JACKSONVILLE, Fla. – Many years ago, before "Krzyzewski" became a name most basketball fans could spell, Millard "Perky" Plumlee met Leslie Schultz at Purdue's basketball camp.
They were working there as counselors in 1979. She played collegiately for Purdue. He played at Tennessee Tech but was from West Lafayette, Ind.
When he met her, he thought she was prettier than any of the women playing basketball at his school. Nothing more came of that initial attraction, at least not right away. But they were destined to share a charmed life with the sport that brought them together as a constant focal point for them and the children they would raise.

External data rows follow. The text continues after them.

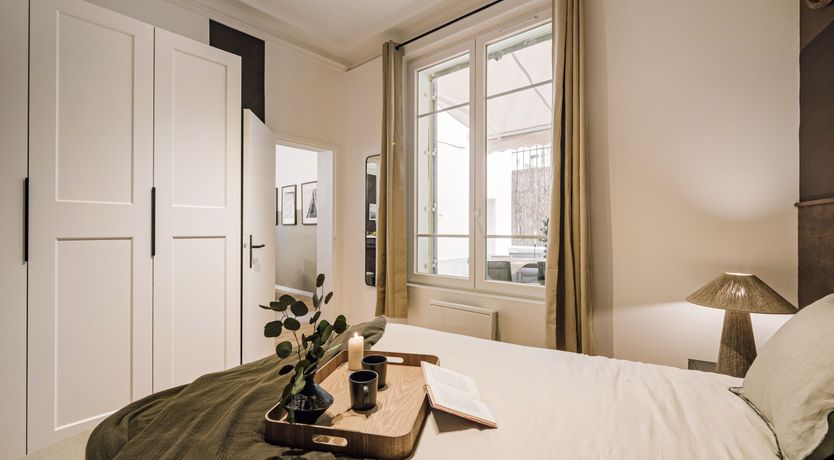 Photo of Parisienne Sojourn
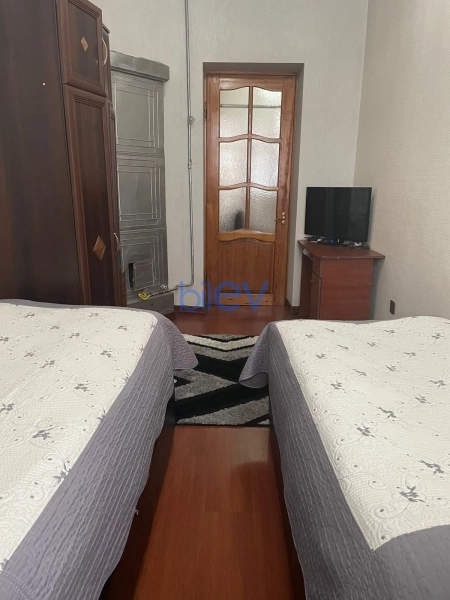 Aylıq Kirayə 3 otaqlı Köhnə Tikili bina evi  70m², Bakı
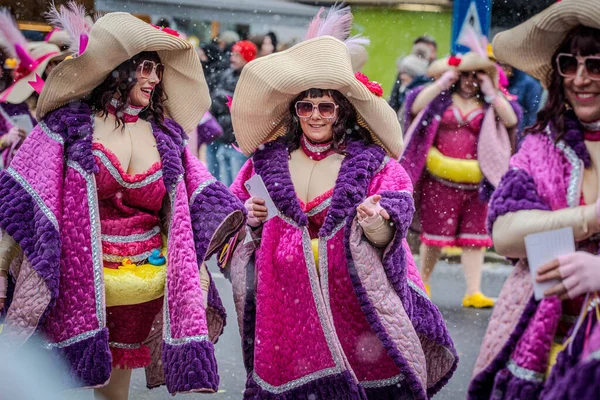 15-02-2026 Aalst yıllık karnaval geçidi sokaklarda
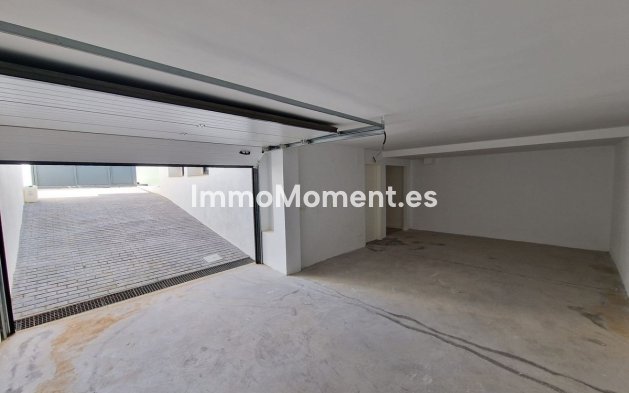 Bestaande woning - Vrijstaande villa - Manilva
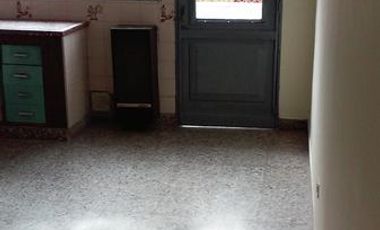 IDEAL INVERSION PROPIEDAD CON 2 DEPARTAMENTOS Y 2 LOCALES  - Monte Grande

Flash forward to last weekend's ACC Tournament semifinals in Greensboro.
Duke freshman forward Mason Plumlee, all 6 feet 10 of him, was barreling down the court with the ball on a 2-on-1 break against Miami.
He tossed a perfect alley-oop pass over the hapless defender to where only his teammate could grab it. Miles Plumlee, a 6-10 sophomore center and Mason's older brother, grabbed the pass out of the air and slammed it home.
In the stands behind the Duke bench at the Greensboro Coliseum, Perky and Leslie stood up and cheered. To their right, a younger, bigger taller Plumlee brother stood, clapping vigorously.
Marshall Plumlee is a 7-foot junior who just led Christ School in Arden, N.C., to its fourth straight NCISAA private schools state title. He, too, has scholarship offers to play basketball at many Division I schools, including Duke.
His older brothers have been key reserves on a Duke team that's has won the ACC regular-season and tournament titles. They appear to be the future for the Blue Devils in the frontcourt, but they're also key parts of the No. 1-seeded Blue Devils' present, which includes a second-round NCAA Tournament game Sunday against No. 8 California.